It was during the preview of tonight's Florida-Oklahoma tilt that I learned FedEx is the title sponsor of the BCS national championship game, which isn't to be confused with the FedEx Orange Bowl, won last weekend by Virginia Tech. Neither was played at FedEx Field, home of the Washington Redskins, and neither is part of pro golf's FedEx Cup, although the PGA Tour should probably ask that a large bundle of interest in its playoff format be shipped overnight, if not sooner.

I find all this corporate branding a bit FedExcessive, so I visited the mega-courier's website and discovered the company has similar interests in NASCAR and the NBA. It has slapped its name on a $250 million arena in Memphis and holds a certain distinction as the official delivery service for Pebble Beach, as if a place that charges $495 for 18 holes of golf needs to sell its name to anyone.

To borrow a phrase from longtime college basketball coach Lefty Driesell, I may be dumb, but I ain't stupid, so I'm not about to tell a bunch of FedExers how to spend their marketing dollars.

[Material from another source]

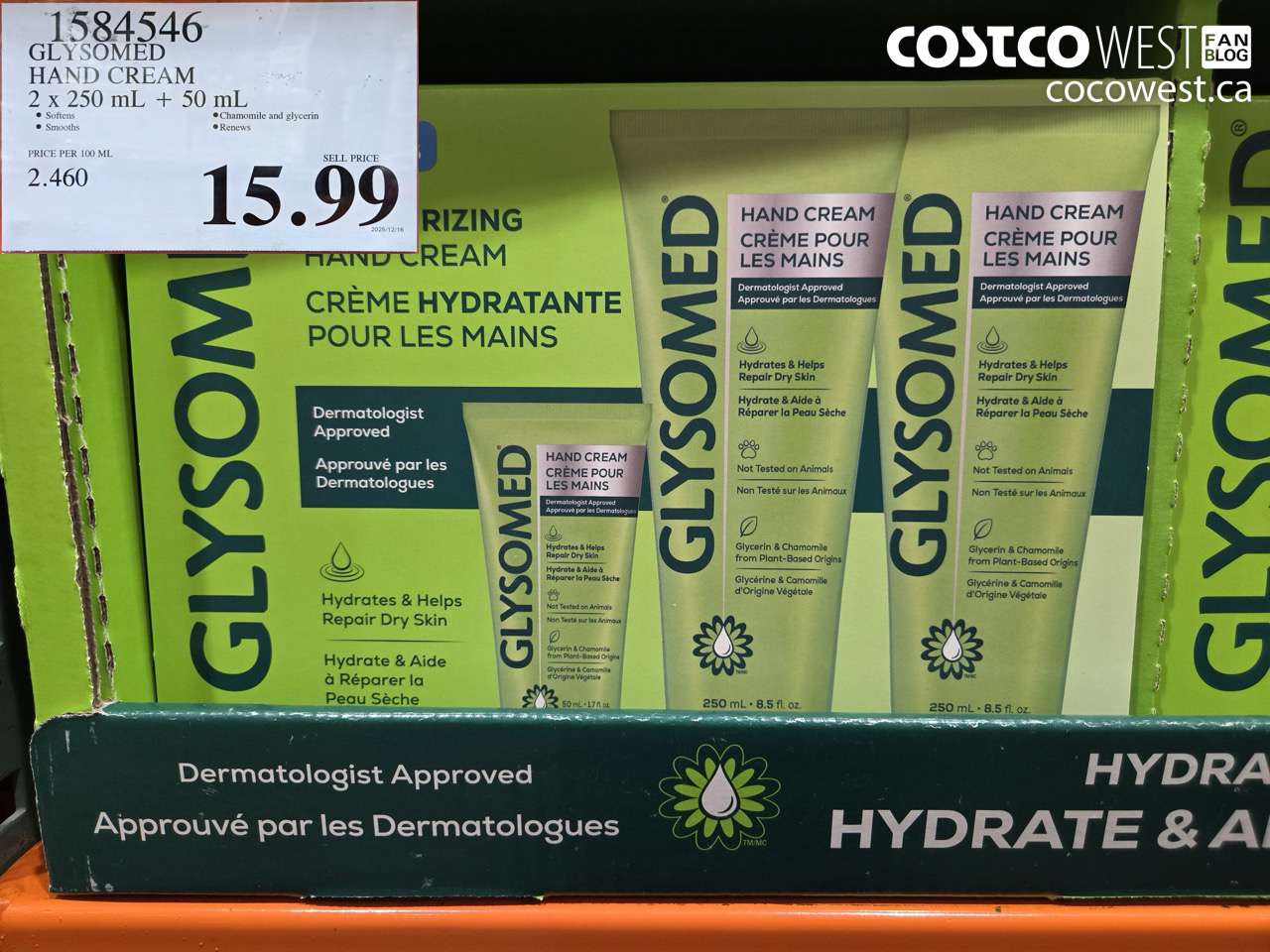 1584546 GLYSOMED HAND CREAM 2 x 250 mL + 50 mL  $15.99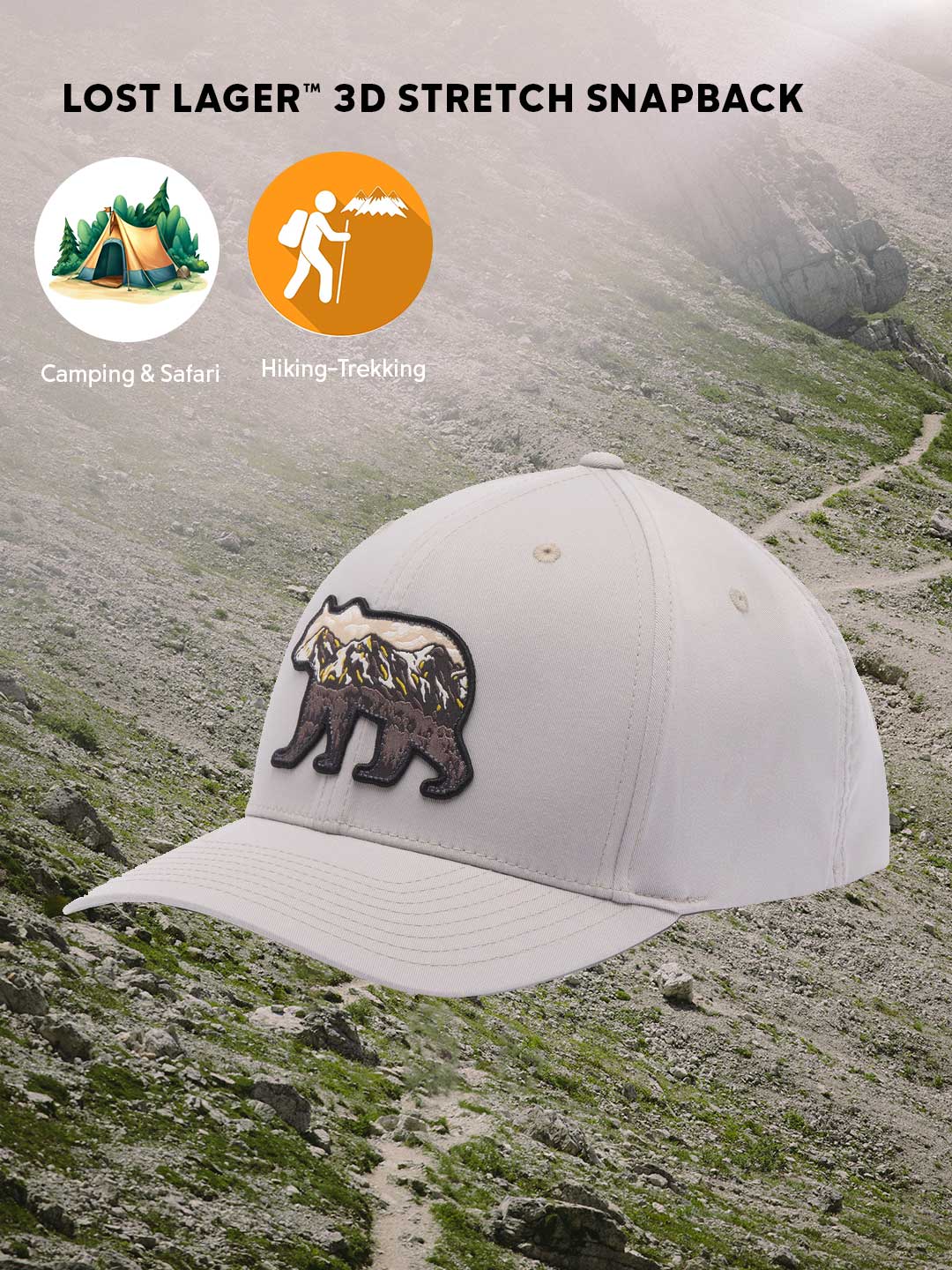 Columbia Unisex Light Grey Lost Lager 3D Stretch Snap Back Cap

They reported a net income of almost $500 million in the second quarter of 2008, which will buy you a lot of hot dogs at tonight's game.

Clearly, these folks know how to get stuff there on time. Maybe they should sit down with the BCS and the PGA Tour to talk about delivering some playoffs. All anyone talks about is how college football doesn't have one. Nobody talks about how pro golf does.